Dass sich das Klima ändert, streitet kaum jemand mehr ab. Doch wie außergewöhnlich ist diese Erwärmung? Ähnliche, aber nicht menschengemachte Klimaschwankungen seien in der jüngeren Geschichte öfter passiert, meinen sogenannte Klimaskeptiker, FP-Politiker H.-C. Strache argumentierte sogar, dass in Grönland einst Wein angebaut worden sei. Was nicht stimmt.

Aber was ist mit der kleinen Eiszeit? Oder mit der mittelalterlichen Warmzeit? Keines dieser Phänomene war so global wie die heutige Erwärmung. Das ist der Sukkus einer soeben in Nature erschienenen Arbeit. Klimatologen um Raphael Neukom (Universität Bern) haben alle erhältlichen Daten – aus Messungen an Bäumen, Eis, Sedimenten, Korallen etc. – analysiert und sagen: Es gab in den letzten 2000 Jahren – vor der industriellen Revolution, die uns die heutige Erwärmung brachte – keine mit der heutigen Erwärmung vergleichbaren globalen, also auf der ganzen Erde zur selben Zeit stattfindenden Wärme- oder Kälteperioden. So habe die sogenannte kleine Eiszeit im pazifischen Raum im 15. Jahrhundert stattgefunden, in Nordeuropa und Nordamerika im 17. und anderswo im 19. Jahrhundert.

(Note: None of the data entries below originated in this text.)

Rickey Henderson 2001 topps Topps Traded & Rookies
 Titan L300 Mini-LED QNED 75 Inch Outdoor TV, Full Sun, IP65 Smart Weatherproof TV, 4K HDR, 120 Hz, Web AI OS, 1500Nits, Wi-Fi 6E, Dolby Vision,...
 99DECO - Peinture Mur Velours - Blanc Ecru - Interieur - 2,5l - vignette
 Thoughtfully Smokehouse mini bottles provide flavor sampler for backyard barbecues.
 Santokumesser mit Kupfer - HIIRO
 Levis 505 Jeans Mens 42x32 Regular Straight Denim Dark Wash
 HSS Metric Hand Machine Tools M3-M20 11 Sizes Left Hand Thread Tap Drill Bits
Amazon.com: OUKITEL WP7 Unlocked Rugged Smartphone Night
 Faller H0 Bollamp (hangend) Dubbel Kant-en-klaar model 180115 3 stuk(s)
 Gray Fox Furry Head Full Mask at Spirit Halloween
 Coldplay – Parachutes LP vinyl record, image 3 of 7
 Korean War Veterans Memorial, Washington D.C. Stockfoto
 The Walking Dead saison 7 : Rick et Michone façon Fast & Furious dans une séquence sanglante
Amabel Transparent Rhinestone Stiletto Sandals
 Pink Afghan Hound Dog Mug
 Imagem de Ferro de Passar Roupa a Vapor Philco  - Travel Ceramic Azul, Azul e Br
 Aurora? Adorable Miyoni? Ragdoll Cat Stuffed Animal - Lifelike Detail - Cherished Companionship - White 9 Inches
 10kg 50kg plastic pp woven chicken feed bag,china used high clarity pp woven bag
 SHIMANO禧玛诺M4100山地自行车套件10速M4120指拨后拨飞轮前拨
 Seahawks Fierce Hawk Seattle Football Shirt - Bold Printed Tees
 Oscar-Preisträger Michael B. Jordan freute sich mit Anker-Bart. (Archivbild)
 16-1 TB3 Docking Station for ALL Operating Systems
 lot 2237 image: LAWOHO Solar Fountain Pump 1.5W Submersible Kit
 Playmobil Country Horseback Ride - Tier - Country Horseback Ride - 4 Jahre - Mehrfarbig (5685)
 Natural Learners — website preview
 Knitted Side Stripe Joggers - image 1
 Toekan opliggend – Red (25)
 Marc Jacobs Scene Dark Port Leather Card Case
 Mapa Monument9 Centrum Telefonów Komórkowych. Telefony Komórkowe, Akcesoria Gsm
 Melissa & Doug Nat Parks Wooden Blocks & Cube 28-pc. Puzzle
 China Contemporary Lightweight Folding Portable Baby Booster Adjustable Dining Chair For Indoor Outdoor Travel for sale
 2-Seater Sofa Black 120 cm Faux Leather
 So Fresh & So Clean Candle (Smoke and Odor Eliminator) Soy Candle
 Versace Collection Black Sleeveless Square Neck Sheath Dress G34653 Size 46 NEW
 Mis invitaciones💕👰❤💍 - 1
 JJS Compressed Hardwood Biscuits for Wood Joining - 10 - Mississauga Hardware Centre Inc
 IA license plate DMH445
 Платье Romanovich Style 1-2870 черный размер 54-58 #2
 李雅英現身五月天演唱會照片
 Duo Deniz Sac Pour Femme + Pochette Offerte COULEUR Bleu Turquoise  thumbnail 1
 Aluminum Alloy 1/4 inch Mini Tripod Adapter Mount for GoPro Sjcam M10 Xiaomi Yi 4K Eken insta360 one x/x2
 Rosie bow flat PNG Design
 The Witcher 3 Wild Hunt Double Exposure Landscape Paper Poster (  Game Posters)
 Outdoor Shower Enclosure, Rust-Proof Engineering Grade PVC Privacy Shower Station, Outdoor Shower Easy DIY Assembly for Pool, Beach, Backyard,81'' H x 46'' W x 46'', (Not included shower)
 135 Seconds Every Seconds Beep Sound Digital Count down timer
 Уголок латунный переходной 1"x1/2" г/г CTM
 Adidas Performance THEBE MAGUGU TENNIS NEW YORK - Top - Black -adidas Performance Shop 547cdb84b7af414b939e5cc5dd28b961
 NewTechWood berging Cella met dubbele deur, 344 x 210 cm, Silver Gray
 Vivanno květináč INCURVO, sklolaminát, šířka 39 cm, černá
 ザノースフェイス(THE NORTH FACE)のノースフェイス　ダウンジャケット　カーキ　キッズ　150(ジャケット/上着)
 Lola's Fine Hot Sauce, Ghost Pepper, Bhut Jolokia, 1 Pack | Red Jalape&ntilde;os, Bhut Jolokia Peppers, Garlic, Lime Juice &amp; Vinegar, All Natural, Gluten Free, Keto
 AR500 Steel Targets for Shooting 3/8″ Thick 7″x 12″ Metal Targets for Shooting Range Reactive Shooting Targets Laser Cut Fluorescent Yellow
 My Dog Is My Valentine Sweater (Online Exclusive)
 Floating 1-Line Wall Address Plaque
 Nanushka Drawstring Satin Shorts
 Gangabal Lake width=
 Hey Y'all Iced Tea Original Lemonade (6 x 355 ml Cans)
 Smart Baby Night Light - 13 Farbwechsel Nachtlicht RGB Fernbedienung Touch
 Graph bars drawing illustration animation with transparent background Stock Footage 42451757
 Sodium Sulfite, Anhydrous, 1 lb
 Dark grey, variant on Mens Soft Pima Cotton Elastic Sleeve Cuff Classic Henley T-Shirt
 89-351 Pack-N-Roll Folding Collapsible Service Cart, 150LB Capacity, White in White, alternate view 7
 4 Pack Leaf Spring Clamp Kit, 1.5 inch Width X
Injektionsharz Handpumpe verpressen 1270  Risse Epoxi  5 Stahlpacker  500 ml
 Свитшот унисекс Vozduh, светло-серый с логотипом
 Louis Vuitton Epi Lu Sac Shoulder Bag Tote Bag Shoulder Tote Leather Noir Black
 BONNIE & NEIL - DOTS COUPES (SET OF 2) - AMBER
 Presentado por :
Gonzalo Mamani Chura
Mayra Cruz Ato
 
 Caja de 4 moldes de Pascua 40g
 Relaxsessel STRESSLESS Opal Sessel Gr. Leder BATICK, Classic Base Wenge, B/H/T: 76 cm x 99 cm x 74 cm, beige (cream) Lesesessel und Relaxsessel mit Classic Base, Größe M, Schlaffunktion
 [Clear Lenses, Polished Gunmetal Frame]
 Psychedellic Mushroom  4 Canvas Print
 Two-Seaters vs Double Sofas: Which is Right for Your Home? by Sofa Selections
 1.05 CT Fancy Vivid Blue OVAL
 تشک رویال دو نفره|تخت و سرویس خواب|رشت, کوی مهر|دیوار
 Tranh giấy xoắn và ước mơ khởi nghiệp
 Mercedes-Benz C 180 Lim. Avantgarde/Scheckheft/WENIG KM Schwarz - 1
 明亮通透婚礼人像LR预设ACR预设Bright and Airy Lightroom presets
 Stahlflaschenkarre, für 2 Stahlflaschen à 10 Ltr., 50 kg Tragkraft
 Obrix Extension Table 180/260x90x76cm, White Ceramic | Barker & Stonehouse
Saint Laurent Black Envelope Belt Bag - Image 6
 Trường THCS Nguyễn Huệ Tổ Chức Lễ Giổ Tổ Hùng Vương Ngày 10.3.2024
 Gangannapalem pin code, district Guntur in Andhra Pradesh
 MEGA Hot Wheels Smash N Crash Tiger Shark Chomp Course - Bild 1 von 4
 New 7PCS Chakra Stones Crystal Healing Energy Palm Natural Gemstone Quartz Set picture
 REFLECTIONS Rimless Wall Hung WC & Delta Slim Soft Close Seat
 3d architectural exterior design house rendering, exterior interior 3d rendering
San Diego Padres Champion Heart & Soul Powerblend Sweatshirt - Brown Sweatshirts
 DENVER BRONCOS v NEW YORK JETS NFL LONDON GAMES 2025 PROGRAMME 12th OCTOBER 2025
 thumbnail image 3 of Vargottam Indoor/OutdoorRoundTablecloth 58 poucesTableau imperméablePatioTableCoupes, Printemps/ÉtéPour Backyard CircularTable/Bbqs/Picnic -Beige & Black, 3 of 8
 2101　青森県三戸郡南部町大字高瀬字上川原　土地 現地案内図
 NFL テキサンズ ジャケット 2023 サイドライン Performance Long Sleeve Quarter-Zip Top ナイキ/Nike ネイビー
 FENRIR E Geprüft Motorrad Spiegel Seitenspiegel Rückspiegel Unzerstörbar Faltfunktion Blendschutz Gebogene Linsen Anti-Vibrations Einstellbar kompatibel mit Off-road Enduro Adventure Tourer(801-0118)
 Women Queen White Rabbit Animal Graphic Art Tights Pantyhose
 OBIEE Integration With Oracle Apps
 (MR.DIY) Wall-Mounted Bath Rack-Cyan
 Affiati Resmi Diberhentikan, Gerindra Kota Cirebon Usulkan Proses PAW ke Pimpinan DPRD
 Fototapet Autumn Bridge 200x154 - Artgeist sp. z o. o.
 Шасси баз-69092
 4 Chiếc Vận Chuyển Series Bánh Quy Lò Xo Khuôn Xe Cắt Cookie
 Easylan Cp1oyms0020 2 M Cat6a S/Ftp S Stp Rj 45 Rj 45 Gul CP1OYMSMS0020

Solche Phänomene seien in der vorindustriellen Zeit vor allem von Vulkanen ausgelöst worden, etwa vom Ausbruch des Tambora auf Indonesien (1815), schreiben die Forscher um Neukom in Nature Geoscience; Änderungen der Mengen von Treibhausgasen in der Atmosphäre hätten einen geringeren Einfluss gehabt. Ein Einfluss der Schwankungen der Sonnenaktivität auf die globalen Durchschnittstemperaturen sei nicht belegbar. Jedenfalls habe es in den letzten 2000 Jahren nie eine so schnelle und mindestens zwei Jahrzehnte anhaltende Erwärmung gegeben wie im späten 20. Jahrhundert. Diesen Vergleich ziehen die Forscher, nachdem sie – methodisch sauber! – die Temperaturen der jüngeren Zeit, obwohl es für diese natürlich direkte Messungen gibt, genauso indirekt bestimmt haben (aus Messungen an Bäumen, Eis, Sedimenten, Korallen etc.) wie jene aus der früheren Zeit, aus der keine vergleichbar präzisen direkten Temperaturmessungen vorliegen.

Die großen Vulkanausbrüche des frühen 19. Jahrhunderts – fünf in nur 28 Jahren – brachten einige Abkühlung, nicht nur in Europa, wo 1816 als „Jahr ohne Sommer“ in die Geschichte einging und die Gletscher in den Alpen ein letztes Mal vorrückten. Dieser kühlende Effekt ließ just in der Zeit nach, in der die Industrialisierung einsetzte. So ist es nicht leicht, diese beiden Faktoren zu trennen und zu beurteilen, wann und wie stark die anthropogene Erwärmung eingesetzt hat, die bis heute andauert. Geografen um Stefan Brönnimann, ebenfalls an der Uni Bern, diskutieren das in einem weiteren Artikel in Nature Geoscience.

Das konzertierte Erscheinen der drei Arbeiten ist natürlich kein Zufall, es wird auch von einem Kommentar in Nature begleitet, in dem steht: „Der Spruch, dass sich das Klima immer ändere, stimmt sicher. Aber auch wenn wir bis in die frühesten Tage des Römischen Reichs zurückblicken, können wir kein Geschehen ausmachen, das auch nur entfernt mit der Erwärmung der letzten Jahrzehnte vergleichbar wäre.“ Und schließlich: „Today's climate stands apart in it's torrid global synchrony.“ Man ist versucht, das mit einer hitzigen Alliteration zu übersetzen: „Glühende globale Gleichzeitigkeit.“

("Die Presse", Print-Ausgabe, 25.07.2019)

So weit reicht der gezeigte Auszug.